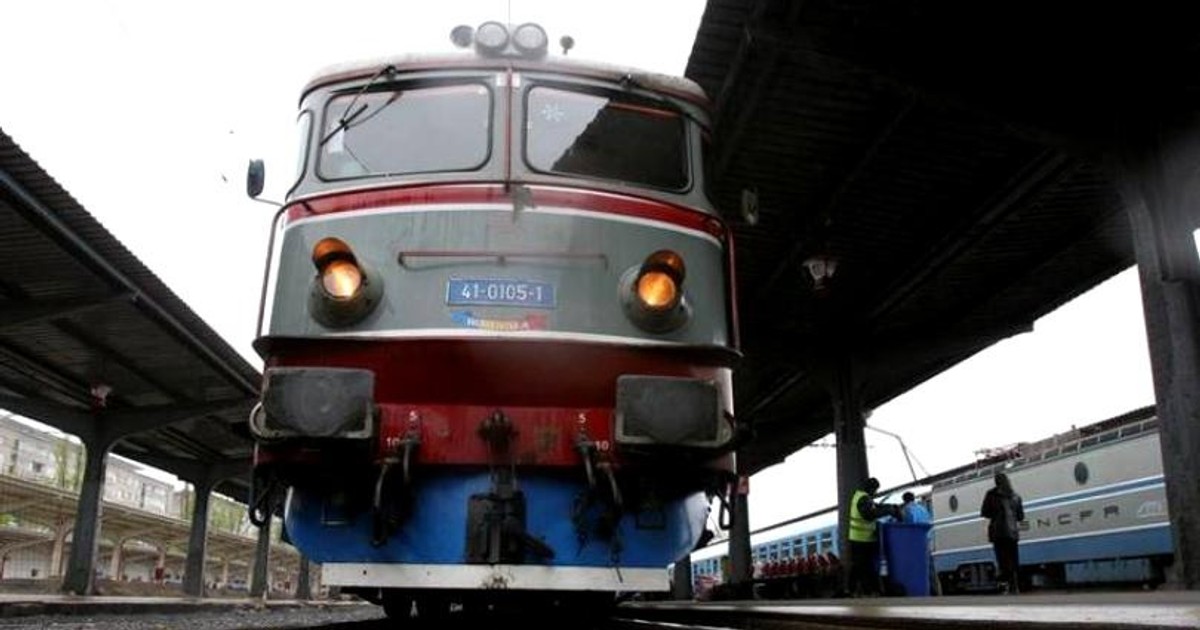Un bărbat a fost lovit de tren în zona barierei Andronache din București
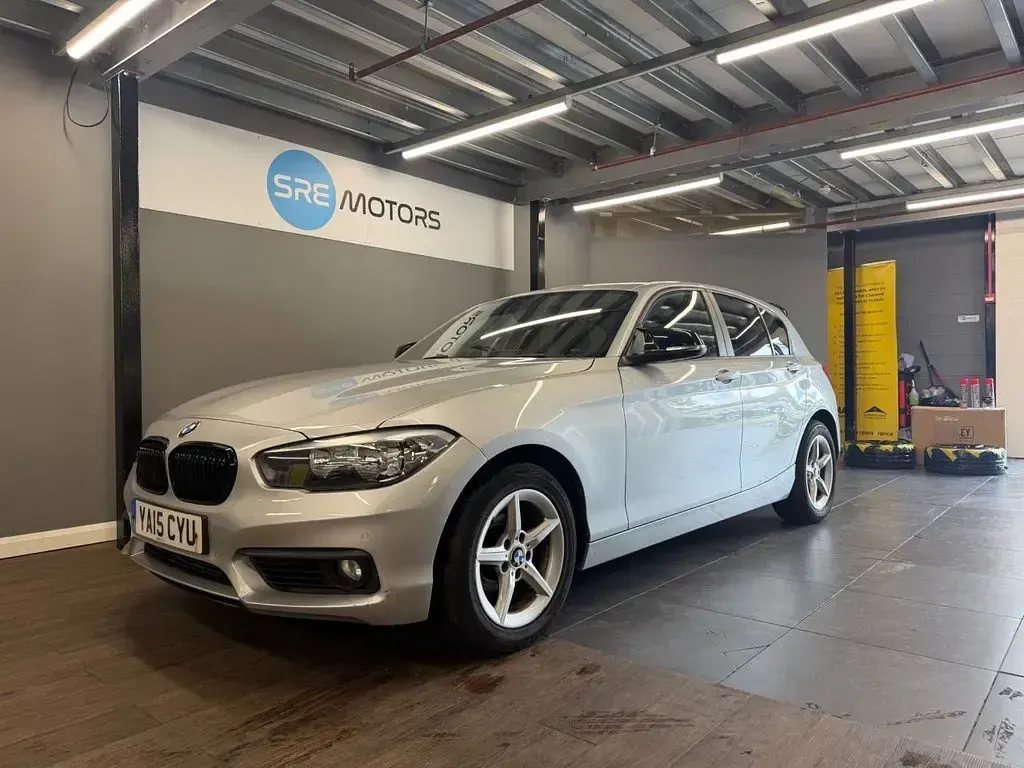 Used BMW 118 Comfort Edition 150 HP (110 kW) 2015 Silver Hatchback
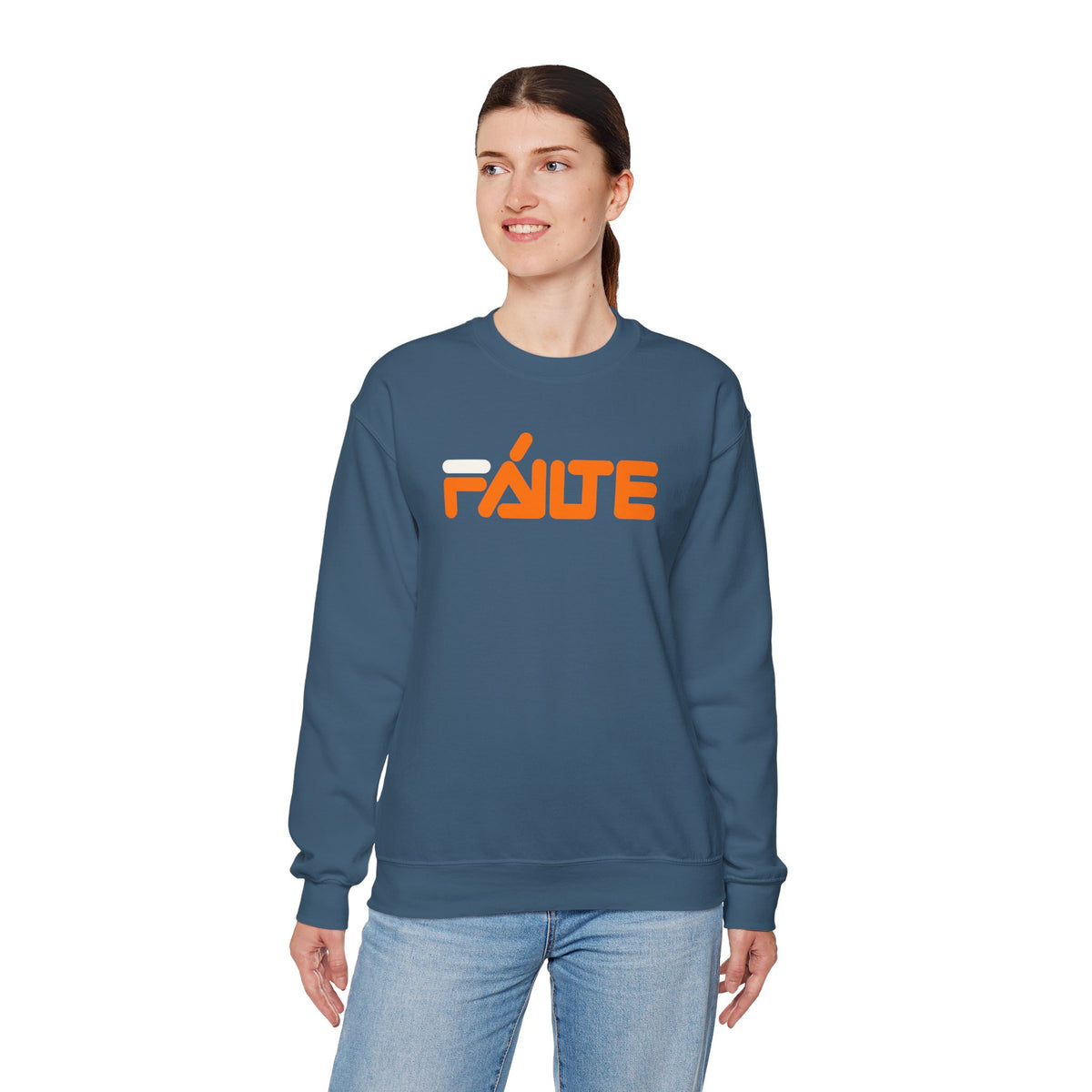 FÁILTE Unisex Heavy Blend™ Crewneck Sweatshirt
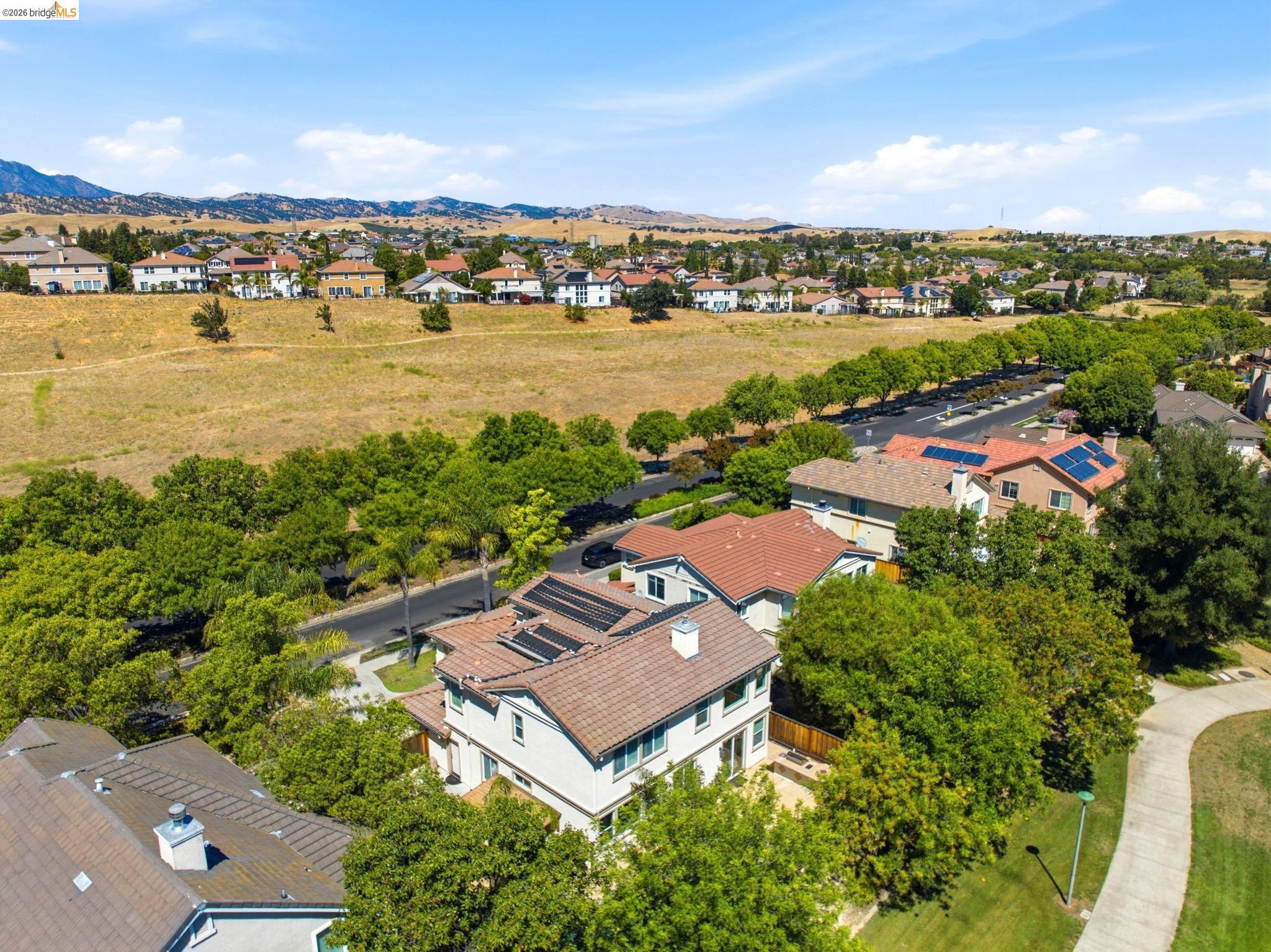 308 Foothill Dr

= THE PROBLEM =
Quote the data exactly, leaving every image out of the copy.

= RESPONSE TO THE TASK =
Un bărbat a fost lovit de tren în zona barierei Andronache din București
 Used BMW 118 Comfort Edition 150 HP (110 kW) 2015 Silver Hatchback
 FÁILTE Unisex Heavy Blend™ Crewneck Sweatshirt
 308 Foothill Dr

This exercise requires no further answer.